Bonjour mon BEAU petit homme. Je vous aime de toutes mes forces, entendez-vous ? J’ai rêvé de vous toute la nuit. Je ne vous dirai pas comment, CELA FAIT FRÉMIR [1]. Je vais relire RACINE [2], je crois que j’en ai besoin. Dites donc, mon petit Toto, à présent que vous avez bien fait toutes vos évolutions [3], serait-il possible de vous posséder pendant plus d’un quart d’heure à la fois, sans vous commander ? Je serais cependant bien aise de renouveler connaissance avec vous. Jour mon petit o. J’espère que cette pauvre Mme Pierceau ne se repentira pas de la fugue que je lui ai conseillée. J’en ai vraiment du regret à présent. Pauvre femme, elle est vraiment si bonne que ce serait dommage s’il lui arrivait du chagrin par ma faute.
J’ai retrouvé ma pièce de dix sous dans une de trente [4]. Voilà tout le mystère. Et puis j’attends enfin les ouvriers aujourd’hui [5]. Maintenant que l’exactitude de Jourdain s’est taillée sur la vôtre, je ne sais plus sur quoi compter. Jour mon gros to. Est-ce que vous ne viendrez plus jamais déjeuner avec votre Juju ? Elle a cependant bien faim et bien soif de VOUS. [dieu  ?] Cette année-ci aura été une vraie année de FAMINE pour moi. Je n’ai jamais, depuis que je vous aime, été mise à une telle DIÈTE. Vous devriez bien changer mon RÉGIME, ne fût-cea que pour voir l’effet que cela fera. Je vous aime.

Juliette

BnF, Mss, NAF 16331, f. 37-38
Transcription de Sylviane Robardey-Eppstein

a) « fusse ».


11 juillet [1837], mardi soir, 8 h. ¾

Mon bon petit homme bien aimé, je suis bien contente de t’écrire avec une belle plume neuve. Il me semble que je te dirai mieux que je t’aime de toute mon âme et de toutes mes forces. Si tu savais combien je souffre en voyant toute la peine que tu te donnes pour soutenir les dépenses de ma maison. Excepté de te tromper, je ne sais pas ce que je ne ferais pas pour t’en empêcher. Pauvre bien-aimé. C’est vraiment bien triste de voir les années se succéder les unes aux autres sans apporter aucun changement à notre fortune. Quand je dis notre, c’est de la mienne seule dont je parle, mais comme tu as eu le courage de te charger de ma vie, même avec son passé, c’est donc à bon droit que je te mets de moitié dans la question. Comment faire ? Rien ne nous réussit. Il suffit que j’entre pour quelque chose dans la combinaison la plus simple pour qu’à l’instant même elle échoue. On n’est vraiment pas plus enguignonnée [6] que je ne le suis. Si je t’aimais moins, je connaîtrais un remède infaillible. Mais je t’aime plus que la vie et mon amour me rend égoïste. Ce n’est pas ma faute. Je partage bien vivement le chagrin que tu as dans ce moment-ci. Car tu es bon, toi, et je voyais tantôt combien il t’en coûtait pour être sévère envers une pauvre femme qui vous a bien offensé sans doute, mais qui vous est dévouée jusqu’à la mort. Je te rends bien cette justice-là, mon cher adoré, que tu es le plus généreux, le plus indulgent et le plus noble des hommes. L’exemple est dans moi. Aussi je t’aime, je te respecte, je te vénère et je t’adore comme Dieu lui-même.

Juliette

BnF, Mss, NAF 6331, f. 39-40
Transcription de Sylviane Robardey-Eppstein

Notes

[1Même formule que celle qu’emploie Marion de Lorme dans la dernière scène de la pièce, lorsque Didier signe le procès-verbal de son exécution.

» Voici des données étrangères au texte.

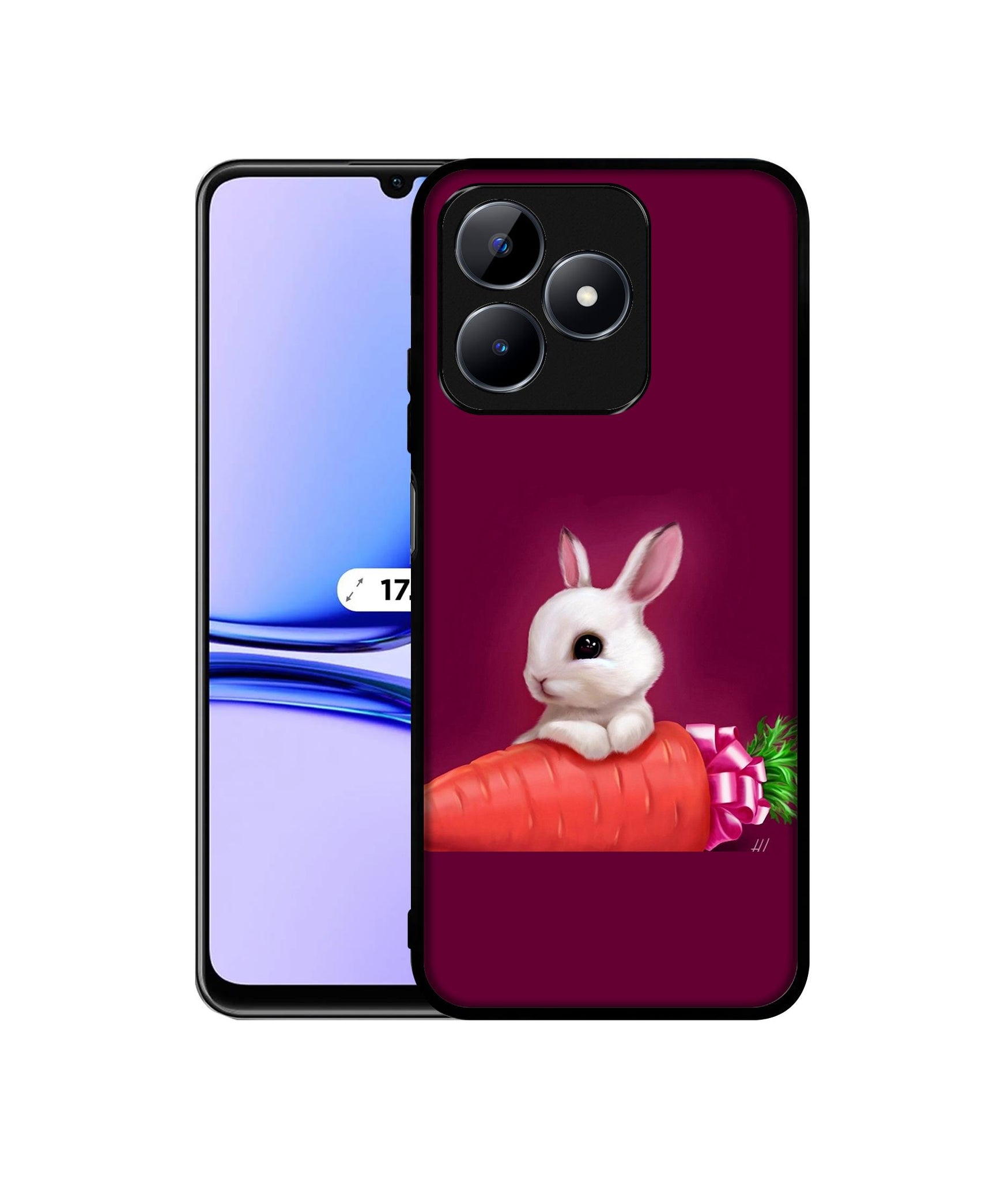 Realme C53 4G / C51 4G / Narzo N53 4G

[2Juliette mentionne cette relecture de Racine (d’abord recommandée à Hugo) depuis plusieurs jours (voir les lettres précédentes).

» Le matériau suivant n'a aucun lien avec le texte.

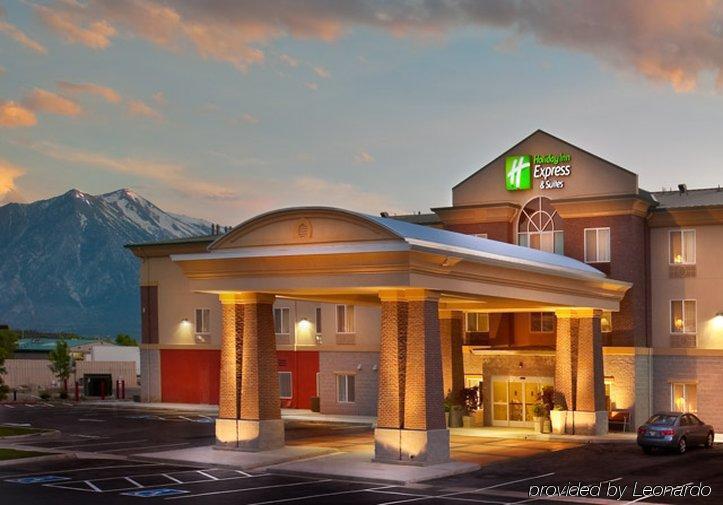 Holiday Inn Express Hotel & Suites Minden By Ihg Exteriér fotografie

[3Juliette se plaît ici à ironiser : le mot « évolutions » renvoie aux jeux de scène spectaculaires proposés au théâtre du Cirque-Olympique, sous la forme d’acrobaties, de défilés équestres et de mouvements de troupes.

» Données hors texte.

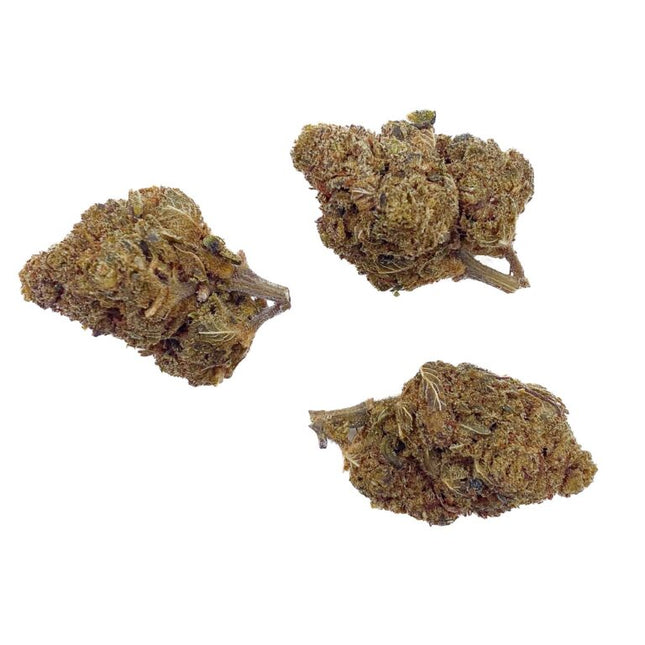 Fleur CBN Harlequin 30%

[4Dans l’argot populaire, la pièce de dix sous désigne l’anus (et l’on dit aussi pour le plaisir du jeu de mots qu’elle a la même valeur que « l’écu »). Un « trente-sous » est un garde national (ainsi appelé à cause du montant de sa solde). Juliette s’amuse probablement de cette proximité des termes dans sa phrase.

[5Juliette a entrepris de faire rénover sa chambre à coucher. C’est Jourdain, l’ami tapissier, qui doit envoyer ses ouvriers.

[6Selon le Nouveau manuel de la pureté du langage par F. Biscarrat (Paris, 1835), le terme est un barbarisme. Il faut dire « avoir du guignon », c’est-à-dire de la malchance.